Document Type
Article
Publication Date
2025
Abstract
In 2023, Fox Corporation settled U.S. Dominion’s defamation action over Fox News’ broadcast of false election fraud claims after the 2020 presidential election for the staggering sum of $787.5 million. Now, a shareholder derivative action is pending in Delaware against the company’s board of directors for breach of state corporate law fiduciary oversight duties for their failure to prevent such defamatory programming. Beyond the specifics of the case, this development portends the emergence of a new politico-legal strategy—using corporate governance requirements as a weapon to promote press accountability and combat misinformation in public discourse.
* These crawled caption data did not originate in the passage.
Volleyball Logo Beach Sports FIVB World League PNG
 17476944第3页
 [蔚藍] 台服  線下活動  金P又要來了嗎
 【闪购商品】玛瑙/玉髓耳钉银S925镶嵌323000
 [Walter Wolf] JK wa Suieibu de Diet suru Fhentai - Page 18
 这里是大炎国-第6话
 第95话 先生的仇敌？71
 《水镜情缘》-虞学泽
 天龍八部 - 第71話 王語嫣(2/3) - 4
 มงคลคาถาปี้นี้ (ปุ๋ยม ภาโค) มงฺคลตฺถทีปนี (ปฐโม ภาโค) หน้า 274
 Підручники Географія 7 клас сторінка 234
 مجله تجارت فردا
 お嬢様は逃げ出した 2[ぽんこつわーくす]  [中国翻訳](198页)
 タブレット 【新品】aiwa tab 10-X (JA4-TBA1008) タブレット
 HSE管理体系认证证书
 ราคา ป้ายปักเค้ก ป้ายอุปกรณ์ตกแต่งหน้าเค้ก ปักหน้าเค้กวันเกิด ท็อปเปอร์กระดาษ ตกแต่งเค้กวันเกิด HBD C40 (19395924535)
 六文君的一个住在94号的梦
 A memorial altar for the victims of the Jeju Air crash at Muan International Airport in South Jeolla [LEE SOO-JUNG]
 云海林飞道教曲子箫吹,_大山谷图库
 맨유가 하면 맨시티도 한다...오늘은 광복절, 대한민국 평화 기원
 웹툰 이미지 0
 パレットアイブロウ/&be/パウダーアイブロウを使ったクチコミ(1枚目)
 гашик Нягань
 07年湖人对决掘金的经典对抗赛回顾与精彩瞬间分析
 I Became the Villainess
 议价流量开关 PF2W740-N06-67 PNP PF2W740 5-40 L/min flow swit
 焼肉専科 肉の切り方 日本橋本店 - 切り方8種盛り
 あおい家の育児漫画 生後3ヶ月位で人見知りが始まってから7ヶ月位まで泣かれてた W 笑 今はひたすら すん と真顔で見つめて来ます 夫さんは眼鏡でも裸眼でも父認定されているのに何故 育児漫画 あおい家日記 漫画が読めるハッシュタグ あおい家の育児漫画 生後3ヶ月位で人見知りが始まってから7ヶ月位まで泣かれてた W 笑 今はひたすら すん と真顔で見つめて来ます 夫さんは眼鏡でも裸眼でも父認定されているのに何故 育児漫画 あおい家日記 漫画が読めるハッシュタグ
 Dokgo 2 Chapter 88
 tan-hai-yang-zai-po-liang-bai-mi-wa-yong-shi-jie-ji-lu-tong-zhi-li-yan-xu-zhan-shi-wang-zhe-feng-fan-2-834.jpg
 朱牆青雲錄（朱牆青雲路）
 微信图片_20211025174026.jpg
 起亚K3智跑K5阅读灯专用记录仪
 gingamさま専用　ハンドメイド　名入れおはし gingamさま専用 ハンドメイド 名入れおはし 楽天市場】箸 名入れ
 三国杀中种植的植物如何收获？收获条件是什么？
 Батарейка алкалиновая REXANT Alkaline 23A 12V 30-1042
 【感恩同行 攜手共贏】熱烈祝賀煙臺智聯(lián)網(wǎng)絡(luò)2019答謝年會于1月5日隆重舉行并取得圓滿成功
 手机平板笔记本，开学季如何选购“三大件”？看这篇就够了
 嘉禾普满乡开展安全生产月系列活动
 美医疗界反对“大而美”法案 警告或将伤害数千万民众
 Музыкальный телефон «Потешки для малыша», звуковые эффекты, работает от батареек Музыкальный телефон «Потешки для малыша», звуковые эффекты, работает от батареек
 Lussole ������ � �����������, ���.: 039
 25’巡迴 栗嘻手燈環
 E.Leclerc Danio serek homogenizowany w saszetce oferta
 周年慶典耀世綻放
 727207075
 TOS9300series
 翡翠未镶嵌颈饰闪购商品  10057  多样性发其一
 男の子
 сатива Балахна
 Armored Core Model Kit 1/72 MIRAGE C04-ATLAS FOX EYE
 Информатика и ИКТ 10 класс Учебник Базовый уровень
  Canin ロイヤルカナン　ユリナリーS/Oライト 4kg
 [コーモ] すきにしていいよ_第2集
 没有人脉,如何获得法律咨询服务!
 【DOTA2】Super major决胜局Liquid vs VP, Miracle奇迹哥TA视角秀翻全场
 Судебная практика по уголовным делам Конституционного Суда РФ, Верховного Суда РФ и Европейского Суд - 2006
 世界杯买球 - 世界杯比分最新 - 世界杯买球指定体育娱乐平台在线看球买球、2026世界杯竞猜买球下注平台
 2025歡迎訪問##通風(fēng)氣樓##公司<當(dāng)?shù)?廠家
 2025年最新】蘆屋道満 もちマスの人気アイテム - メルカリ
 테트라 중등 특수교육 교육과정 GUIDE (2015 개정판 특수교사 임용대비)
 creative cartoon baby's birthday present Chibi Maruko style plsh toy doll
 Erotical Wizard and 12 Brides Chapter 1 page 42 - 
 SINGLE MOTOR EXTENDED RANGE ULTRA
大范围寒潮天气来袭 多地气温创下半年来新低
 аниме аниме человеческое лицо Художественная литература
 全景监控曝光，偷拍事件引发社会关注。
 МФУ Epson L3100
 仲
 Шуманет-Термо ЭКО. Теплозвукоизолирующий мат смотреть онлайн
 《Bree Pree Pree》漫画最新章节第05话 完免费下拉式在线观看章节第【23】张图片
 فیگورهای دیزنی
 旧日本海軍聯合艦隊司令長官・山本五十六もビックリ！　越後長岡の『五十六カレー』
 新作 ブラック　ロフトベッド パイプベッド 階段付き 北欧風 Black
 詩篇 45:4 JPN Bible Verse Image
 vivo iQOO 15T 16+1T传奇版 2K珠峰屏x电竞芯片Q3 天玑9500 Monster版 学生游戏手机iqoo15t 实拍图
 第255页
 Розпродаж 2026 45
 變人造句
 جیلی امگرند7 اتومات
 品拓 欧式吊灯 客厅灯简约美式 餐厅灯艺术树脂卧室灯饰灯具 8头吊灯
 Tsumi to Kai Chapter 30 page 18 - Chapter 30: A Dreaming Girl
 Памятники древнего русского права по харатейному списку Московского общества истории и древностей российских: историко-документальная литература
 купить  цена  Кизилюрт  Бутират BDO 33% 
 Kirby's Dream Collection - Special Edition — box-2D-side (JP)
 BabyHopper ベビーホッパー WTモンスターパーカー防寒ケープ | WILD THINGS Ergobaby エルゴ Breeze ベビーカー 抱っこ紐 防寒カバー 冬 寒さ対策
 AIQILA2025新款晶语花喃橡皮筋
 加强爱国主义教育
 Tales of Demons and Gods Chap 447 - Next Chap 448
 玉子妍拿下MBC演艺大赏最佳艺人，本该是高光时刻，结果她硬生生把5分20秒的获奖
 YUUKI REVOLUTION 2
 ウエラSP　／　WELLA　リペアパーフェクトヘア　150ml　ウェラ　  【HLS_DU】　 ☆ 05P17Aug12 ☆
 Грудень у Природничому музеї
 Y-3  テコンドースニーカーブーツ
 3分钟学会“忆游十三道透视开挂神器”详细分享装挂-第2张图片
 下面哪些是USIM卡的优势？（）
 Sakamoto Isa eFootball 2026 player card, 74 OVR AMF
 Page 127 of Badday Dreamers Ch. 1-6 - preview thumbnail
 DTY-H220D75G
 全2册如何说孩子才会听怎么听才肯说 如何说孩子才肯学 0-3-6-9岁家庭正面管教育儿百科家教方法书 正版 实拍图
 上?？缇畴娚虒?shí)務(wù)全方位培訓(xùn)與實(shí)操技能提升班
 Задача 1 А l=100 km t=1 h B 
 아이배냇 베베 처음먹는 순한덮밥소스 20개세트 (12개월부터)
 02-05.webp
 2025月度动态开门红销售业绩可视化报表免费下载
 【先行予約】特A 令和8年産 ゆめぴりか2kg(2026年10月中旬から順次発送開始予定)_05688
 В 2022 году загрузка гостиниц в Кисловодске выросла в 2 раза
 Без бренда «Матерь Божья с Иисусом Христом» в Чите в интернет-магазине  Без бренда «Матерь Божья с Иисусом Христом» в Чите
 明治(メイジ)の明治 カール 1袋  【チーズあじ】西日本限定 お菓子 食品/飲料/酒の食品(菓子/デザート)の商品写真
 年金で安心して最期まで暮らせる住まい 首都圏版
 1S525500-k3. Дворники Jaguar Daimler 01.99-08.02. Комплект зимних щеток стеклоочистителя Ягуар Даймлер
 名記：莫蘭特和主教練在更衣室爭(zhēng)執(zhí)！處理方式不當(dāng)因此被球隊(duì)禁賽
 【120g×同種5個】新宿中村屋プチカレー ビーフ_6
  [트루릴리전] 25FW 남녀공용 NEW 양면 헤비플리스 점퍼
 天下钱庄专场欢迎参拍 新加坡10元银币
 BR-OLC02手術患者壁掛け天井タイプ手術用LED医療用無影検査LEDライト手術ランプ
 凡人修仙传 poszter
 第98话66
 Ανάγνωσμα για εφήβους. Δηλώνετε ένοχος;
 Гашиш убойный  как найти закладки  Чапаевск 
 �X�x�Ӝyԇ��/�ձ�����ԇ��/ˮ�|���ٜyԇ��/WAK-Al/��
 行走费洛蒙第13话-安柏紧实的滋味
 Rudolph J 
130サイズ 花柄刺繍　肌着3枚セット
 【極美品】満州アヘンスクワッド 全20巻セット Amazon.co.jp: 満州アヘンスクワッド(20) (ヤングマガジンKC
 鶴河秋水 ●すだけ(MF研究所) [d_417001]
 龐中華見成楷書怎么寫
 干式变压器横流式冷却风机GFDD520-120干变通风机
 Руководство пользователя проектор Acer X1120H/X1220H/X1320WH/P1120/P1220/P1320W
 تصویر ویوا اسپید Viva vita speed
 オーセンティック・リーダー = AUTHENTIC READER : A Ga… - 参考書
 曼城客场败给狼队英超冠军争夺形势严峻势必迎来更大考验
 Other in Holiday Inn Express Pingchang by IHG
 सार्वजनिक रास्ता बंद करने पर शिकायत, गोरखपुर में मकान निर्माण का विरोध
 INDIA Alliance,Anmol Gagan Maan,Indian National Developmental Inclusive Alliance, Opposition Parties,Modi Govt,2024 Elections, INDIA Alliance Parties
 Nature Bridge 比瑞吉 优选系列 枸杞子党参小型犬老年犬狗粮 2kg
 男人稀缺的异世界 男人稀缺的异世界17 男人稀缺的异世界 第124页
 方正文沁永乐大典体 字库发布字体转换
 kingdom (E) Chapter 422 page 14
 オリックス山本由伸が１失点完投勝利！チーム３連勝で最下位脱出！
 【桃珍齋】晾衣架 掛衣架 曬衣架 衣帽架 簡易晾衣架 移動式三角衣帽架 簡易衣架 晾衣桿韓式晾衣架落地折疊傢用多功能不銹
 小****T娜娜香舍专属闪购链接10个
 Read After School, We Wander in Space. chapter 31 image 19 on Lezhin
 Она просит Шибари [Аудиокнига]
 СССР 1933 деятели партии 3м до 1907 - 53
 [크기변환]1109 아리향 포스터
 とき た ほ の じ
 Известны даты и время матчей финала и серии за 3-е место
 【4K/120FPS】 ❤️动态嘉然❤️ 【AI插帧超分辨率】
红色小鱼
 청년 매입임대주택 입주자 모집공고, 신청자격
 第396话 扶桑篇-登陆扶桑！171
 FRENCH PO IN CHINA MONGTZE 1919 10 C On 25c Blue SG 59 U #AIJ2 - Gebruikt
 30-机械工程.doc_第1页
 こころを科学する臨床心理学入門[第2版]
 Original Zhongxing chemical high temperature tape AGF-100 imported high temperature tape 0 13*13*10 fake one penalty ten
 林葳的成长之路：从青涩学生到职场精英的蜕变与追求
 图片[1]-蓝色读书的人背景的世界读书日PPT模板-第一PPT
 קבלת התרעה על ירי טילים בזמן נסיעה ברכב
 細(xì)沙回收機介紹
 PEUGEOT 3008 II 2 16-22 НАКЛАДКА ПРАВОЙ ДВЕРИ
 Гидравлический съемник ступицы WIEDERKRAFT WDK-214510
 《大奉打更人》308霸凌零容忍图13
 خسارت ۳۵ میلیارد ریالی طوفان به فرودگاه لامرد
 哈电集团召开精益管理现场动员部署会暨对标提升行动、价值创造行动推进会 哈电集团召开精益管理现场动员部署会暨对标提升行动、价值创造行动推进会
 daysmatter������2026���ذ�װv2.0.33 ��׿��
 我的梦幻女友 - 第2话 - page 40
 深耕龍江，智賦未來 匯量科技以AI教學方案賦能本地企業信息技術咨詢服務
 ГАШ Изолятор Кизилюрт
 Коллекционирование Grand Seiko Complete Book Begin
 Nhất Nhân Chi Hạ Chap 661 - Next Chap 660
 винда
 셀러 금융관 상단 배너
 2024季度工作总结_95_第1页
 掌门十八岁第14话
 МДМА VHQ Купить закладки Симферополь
The question addressed in this Essay is whether corporate governance rules should be extended to impose board liability for oversight failures regarding editorial judgments of news media companies under this public-regarding rationale.
Without expressing approval for the programming decisions of Fox News on election coverage, the Essay argues that it is too threatening to the social value of freedom of the press to use the Fox case to expand board oversight duties of corporate-owned media companies to include defamation risk as a way to combat misinformation. We have dual social and democratic commitments—to the value of the free press and to the value of truthful political discourse—but need to be careful in their calibration. Expansive board oversight duties addressing news content and editorial decisions are both unworkable and too chilling for news organizations. And the likely effectiveness of corporate governance law in limiting political misinformation is uncertain. These circumstances advise caution in deploying shareholder derivative suits against the press lest the resulting journalistic self-censorship ironically serve to undermine informed political discourse in the long run. This is particularly true at a time when the Executive branch is demanding—and obtaining—exceptional press capitulation from a vulnerable industry.
Recommended Citation
Lili Levi, The Fox Effect? Implications of Recruiting Corporate Law to Combat Misinformation, 6 J. Free Speech L. 367 (2025).